Keywords: Image calibration, sharpness, MTF, tonal reproduction, geometrical distortion, image acquisition
1 Introduction and motivation
Paper documents such as newspapers, books and
other prints suffer in time of various forms of
autonomous decay that can affect paper, among
which are paper acidification and ink and copper
corrosion. In the 1980’s and 1990’s research was
carried out – e.g. the Metamorfoze project in the
Netherlands, a collaborative effort of the Koninklijke
Bibliotheek (National Library) and the Nationaal
Archief (National Archives) – to develop reliable
methods and standards for the conservation of paper
heritage material that was considered of national
importance. The research focused on two directions:
preservation – concerned with slowing down the
decay on the original documents through means of
deacidification, treatment of ink corrosion and
copper corrosion, small repairs, acid-free wrappings
and climatized storage – and conversion – dealing
with the transfer of the threatened material to another
storage medium by means of either microfilming or
digitization.
When research programs
first
started,
microfilming was a reliable method to preserve the
content of an endangered document. However, in
recent years, digitization is preferred over
microfilming, leading to an additional challenge of
converting pre-existing microfilms to digital media,
in order to avoid handling the original documents, an
action which is both costly and potentially damaging
for the decaying prints.
A further direction pursued in recent years is
converting scanned documents (either of the
microfilms or the original paper prints) into
electronic files, especially for large electronic
libraries, for easier access to documents. Content
conversion systems, based on optical character
recognition (OCR), enable operations such as
editing, word searching, easy document storing and
multiplication, and the application of a large set of
text techniques including text-to-speech and text
mining to be performed on the digitalized document.
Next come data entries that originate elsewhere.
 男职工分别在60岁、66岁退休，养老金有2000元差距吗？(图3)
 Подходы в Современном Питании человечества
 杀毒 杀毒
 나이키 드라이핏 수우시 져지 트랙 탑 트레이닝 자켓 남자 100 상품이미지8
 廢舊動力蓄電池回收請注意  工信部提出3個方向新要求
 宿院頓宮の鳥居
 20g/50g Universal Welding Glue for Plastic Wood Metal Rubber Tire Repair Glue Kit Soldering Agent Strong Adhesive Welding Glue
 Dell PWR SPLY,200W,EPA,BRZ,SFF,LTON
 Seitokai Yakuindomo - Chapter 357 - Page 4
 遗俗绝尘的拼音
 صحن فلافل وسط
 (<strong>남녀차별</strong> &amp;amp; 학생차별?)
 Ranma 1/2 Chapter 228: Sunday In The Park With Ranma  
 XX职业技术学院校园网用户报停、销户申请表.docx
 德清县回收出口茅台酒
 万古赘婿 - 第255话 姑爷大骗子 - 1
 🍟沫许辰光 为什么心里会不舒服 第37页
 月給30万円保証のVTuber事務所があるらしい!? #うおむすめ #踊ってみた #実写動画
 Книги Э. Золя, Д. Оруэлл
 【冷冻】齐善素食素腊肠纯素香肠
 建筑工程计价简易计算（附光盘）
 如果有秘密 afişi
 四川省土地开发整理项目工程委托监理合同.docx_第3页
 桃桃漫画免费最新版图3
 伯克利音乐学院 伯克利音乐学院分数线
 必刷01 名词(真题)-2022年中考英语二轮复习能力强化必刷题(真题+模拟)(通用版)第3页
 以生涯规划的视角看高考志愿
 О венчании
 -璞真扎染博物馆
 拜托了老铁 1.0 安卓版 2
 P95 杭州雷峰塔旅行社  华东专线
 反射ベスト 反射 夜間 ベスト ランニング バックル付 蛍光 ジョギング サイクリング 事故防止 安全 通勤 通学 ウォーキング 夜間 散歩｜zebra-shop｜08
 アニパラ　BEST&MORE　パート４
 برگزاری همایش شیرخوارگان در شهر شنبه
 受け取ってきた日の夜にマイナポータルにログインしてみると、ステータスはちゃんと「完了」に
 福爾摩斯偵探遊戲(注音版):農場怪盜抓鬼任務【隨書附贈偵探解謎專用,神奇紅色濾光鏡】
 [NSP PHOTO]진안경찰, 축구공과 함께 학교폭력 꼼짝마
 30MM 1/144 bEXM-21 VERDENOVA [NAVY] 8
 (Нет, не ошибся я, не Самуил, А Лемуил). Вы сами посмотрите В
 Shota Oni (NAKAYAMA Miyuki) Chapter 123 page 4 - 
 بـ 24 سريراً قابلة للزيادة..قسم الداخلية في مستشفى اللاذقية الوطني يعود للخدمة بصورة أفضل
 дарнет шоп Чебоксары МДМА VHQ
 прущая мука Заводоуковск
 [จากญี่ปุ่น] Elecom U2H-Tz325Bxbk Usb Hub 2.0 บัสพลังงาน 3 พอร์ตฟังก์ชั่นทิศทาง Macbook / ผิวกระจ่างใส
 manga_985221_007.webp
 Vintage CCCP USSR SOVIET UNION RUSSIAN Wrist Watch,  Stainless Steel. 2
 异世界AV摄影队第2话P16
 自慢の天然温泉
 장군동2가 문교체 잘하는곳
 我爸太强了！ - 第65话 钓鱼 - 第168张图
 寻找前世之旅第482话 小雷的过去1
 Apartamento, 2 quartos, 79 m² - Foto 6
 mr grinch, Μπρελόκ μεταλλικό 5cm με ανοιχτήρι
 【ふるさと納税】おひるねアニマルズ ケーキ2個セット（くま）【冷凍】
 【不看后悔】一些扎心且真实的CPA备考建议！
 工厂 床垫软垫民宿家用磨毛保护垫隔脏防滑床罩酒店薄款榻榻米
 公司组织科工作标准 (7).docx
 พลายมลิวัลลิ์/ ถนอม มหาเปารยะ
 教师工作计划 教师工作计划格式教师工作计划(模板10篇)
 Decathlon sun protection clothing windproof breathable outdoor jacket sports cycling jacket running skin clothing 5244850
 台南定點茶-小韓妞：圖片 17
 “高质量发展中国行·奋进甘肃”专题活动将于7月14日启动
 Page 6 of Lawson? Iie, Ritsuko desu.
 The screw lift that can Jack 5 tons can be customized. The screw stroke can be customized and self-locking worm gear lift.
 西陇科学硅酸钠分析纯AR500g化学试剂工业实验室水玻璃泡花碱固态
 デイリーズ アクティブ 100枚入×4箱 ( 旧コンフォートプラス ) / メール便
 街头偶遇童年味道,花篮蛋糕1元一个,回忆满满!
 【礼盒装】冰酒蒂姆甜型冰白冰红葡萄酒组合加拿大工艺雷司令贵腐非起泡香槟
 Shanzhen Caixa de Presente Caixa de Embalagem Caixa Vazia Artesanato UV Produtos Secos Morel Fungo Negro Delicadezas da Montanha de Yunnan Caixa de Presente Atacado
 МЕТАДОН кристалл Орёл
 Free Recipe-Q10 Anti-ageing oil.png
In addition, this ensures a better preservation of
original documents, due to minimizing the need for
physical use.
Undoubtedly, digitization has many advantages
over microfilming on the access side: digital images
include color reproduction, they allow remote access
and they can be easily searched by using OCR. From
the point of view of preservation, digitization offers
exciting possibilities as well. Since digitized copies
contain color; a high quality digital image is closer
to the original than a microfilm could ever be.
There are nevertheless a number of issues to be
tackled before digitization can definitively be used
as a conversion method for preservation and access.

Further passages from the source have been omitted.